A Chicago-area politician has called for a ban on the Grand Theft Auto franchise, according to a report by ABC 7 Chicago.
Illinois State Representative Marcus C. Evans Jr. said in a Monday press conference that he intends to introduce a bill that would ban selling the game in the state in response to an uptick in carjackings in the Chicago area.
"Grand Theft Auto and other violent video games are getting in the minds of our young people and perpetuating the normalcy of carjacking," Evans said. "Carjacking is not normal, and carjacking must stop."
Restrictions on the video game industry have been proposed numerous times across the United States, but few become law, and many of those are overturned through legal opposition.
The most notable of these efforts was a 2005 California law banning the sale of violent games to minors that was signed into law but contested by a number of trade groups before it could take effect.

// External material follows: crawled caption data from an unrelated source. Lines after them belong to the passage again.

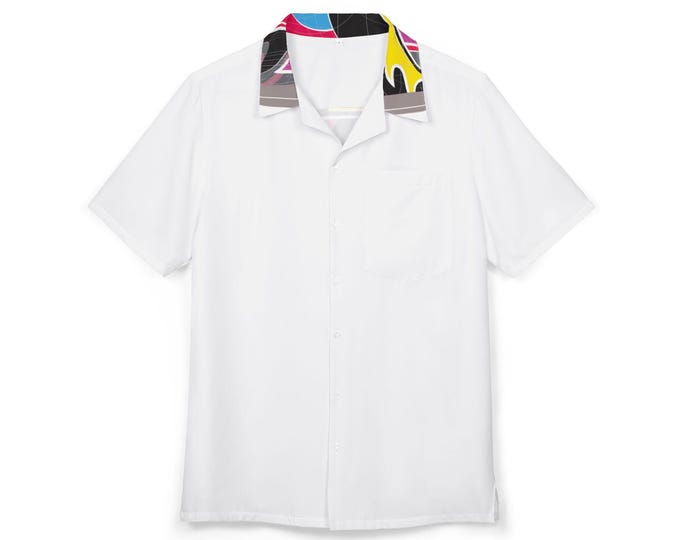Abstract Colorblock Face Hawaiian Shirt | AOP Button-Down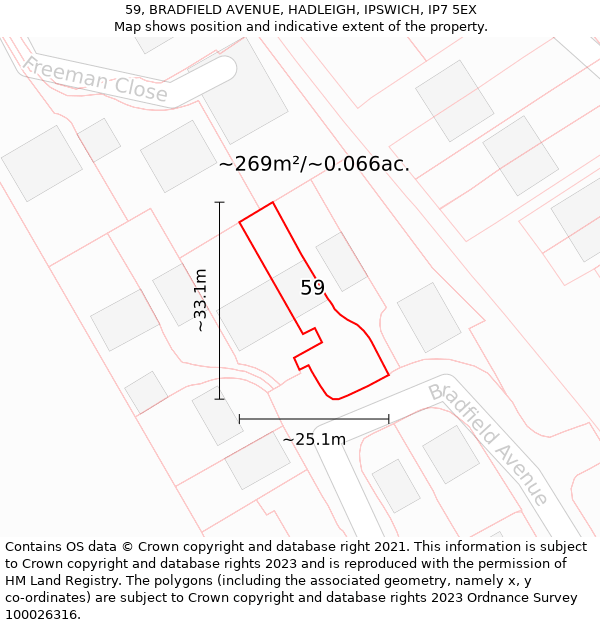 59, BRADFIELD AVENUE, HADLEIGH, IPSWICH, IP7 5EX: Plot and title map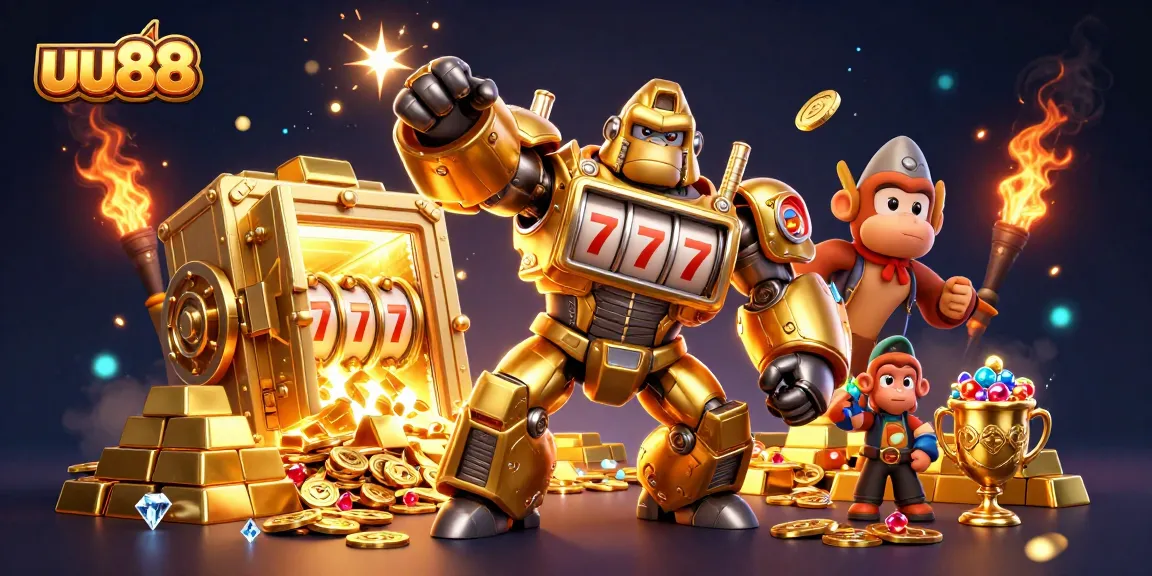 Experience thrilling jackpots at uu88 with our golden gorilla mech and sparkling treasures!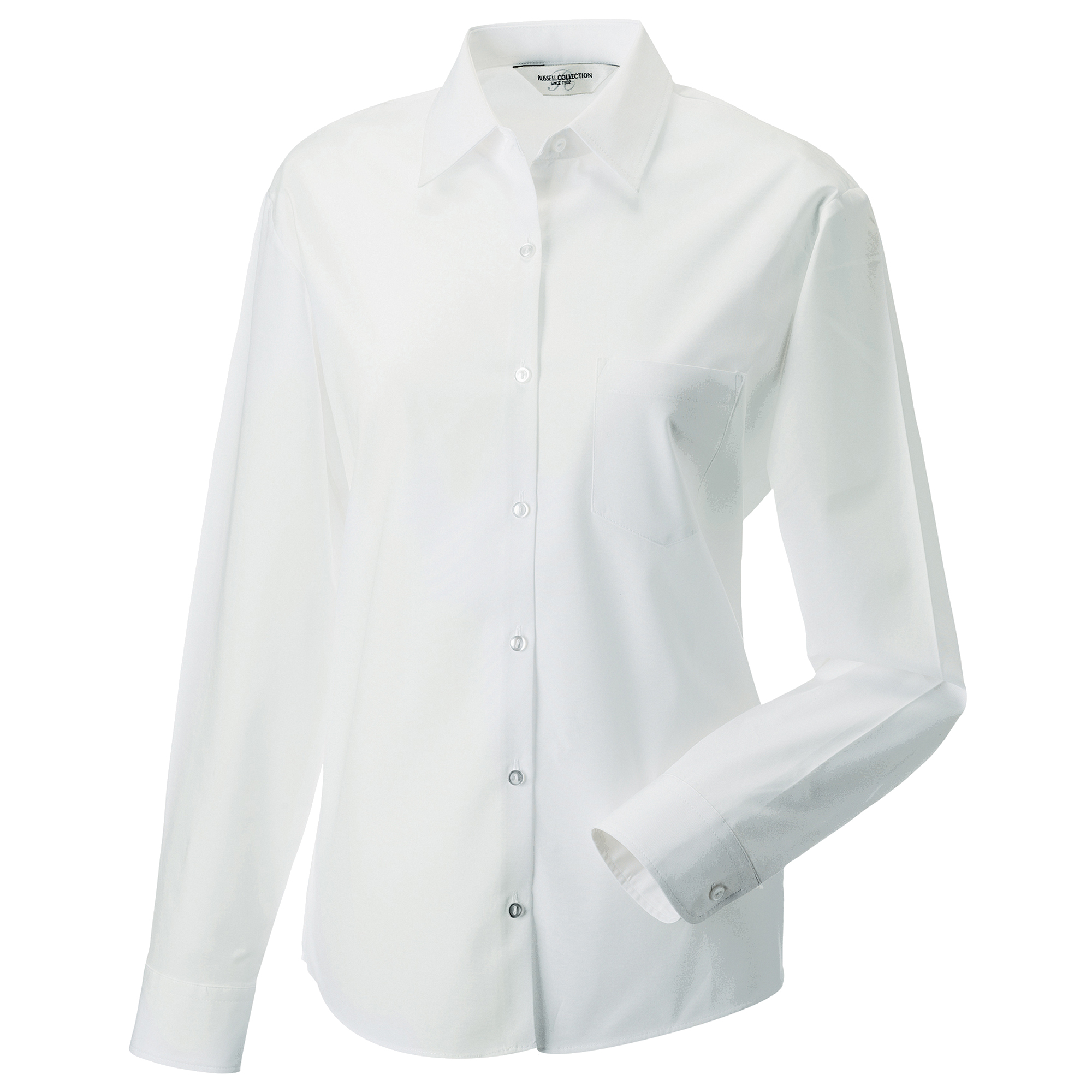 Jerzees Damen Baumwoll-Hemd / Bluse / Arbeitsbluse, langärmlig (BC2734 ...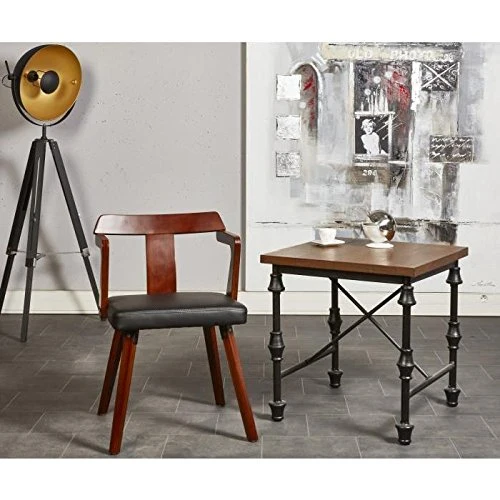 Chaise Contemporain,pied et dossier bois finition noyer, Noir, 48cm x 42cm x 73cm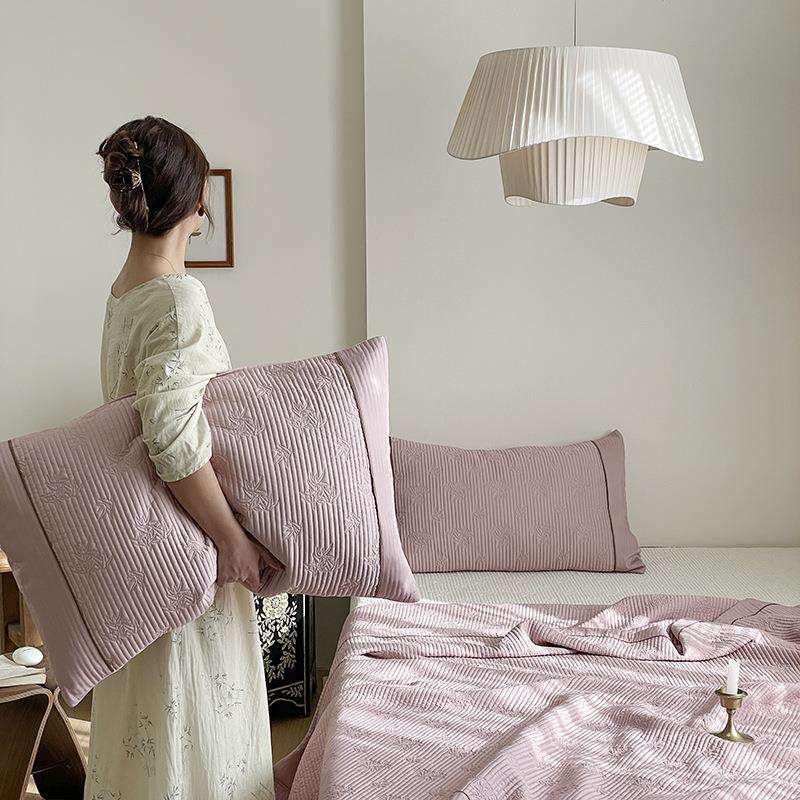 新中式简约竹子绗缝双面莫代尔床盖三件套柔软透气可铺可盖当夏被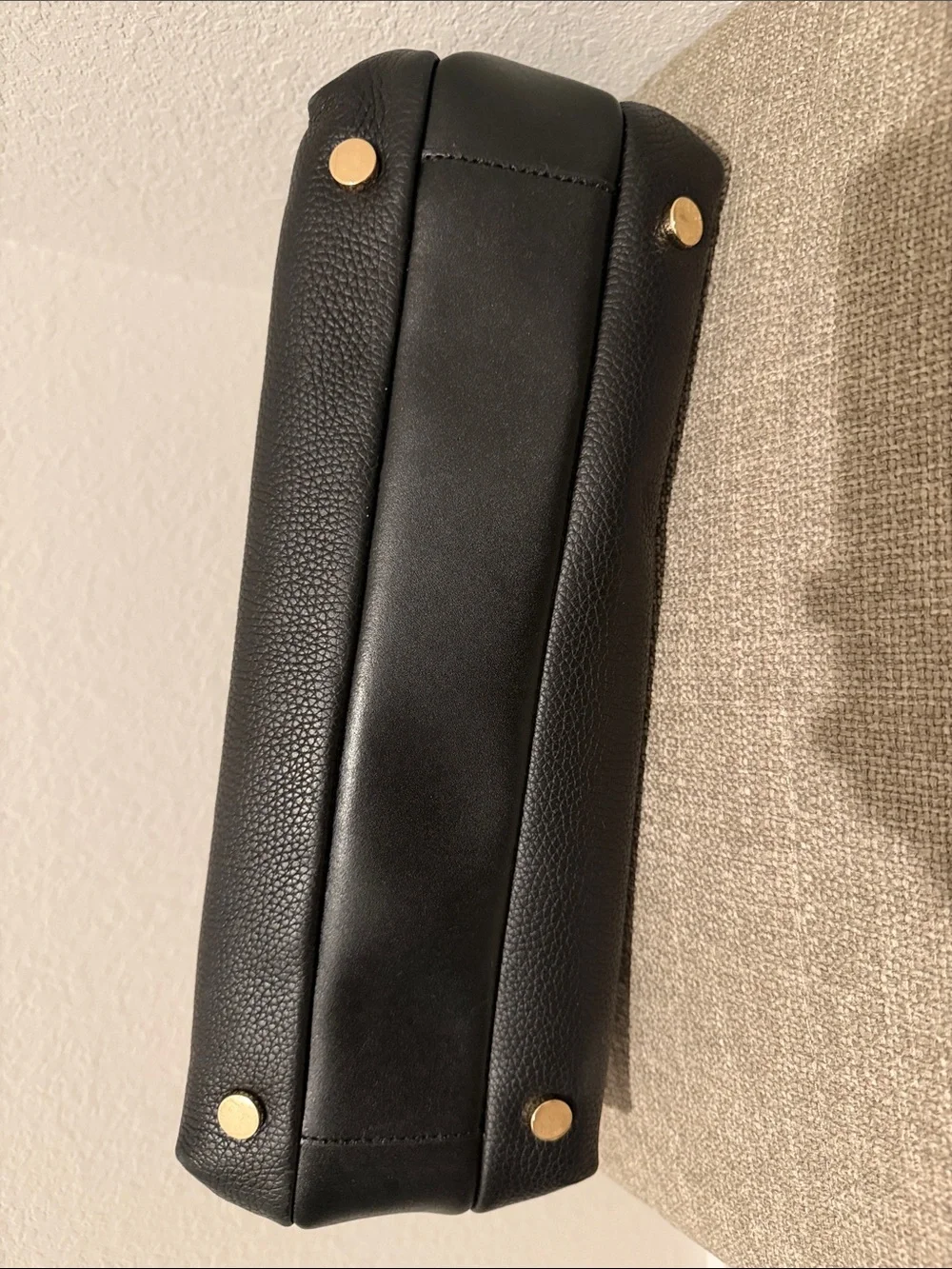 MICHAEL KORS Black Pebbled Leather Satchel with Gold Hardware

The legal battle over it lasted for years, with the industry winning decisions in lower courts before California's appeals ultimately led to the law being overturned by the Supreme Court in 2011.
Video game violence has become a point of discussion for American politicians since then -- most notably after school shootings in 2012 and 2018 -- but that discussion has not produced national legislation.
An ESA representative offered the following statement to GamesIndustry.biz: "While our industry understands and shares the concerns about what has been happening in Chicago, there simply is no evidence of a link between interactive entertainment and real-world violence. We believe the solution to this complex problem resides in examining thoroughly the actual factors that drive such behaviors rather than erroneously ascribing blame to videogames based solely upon speculation."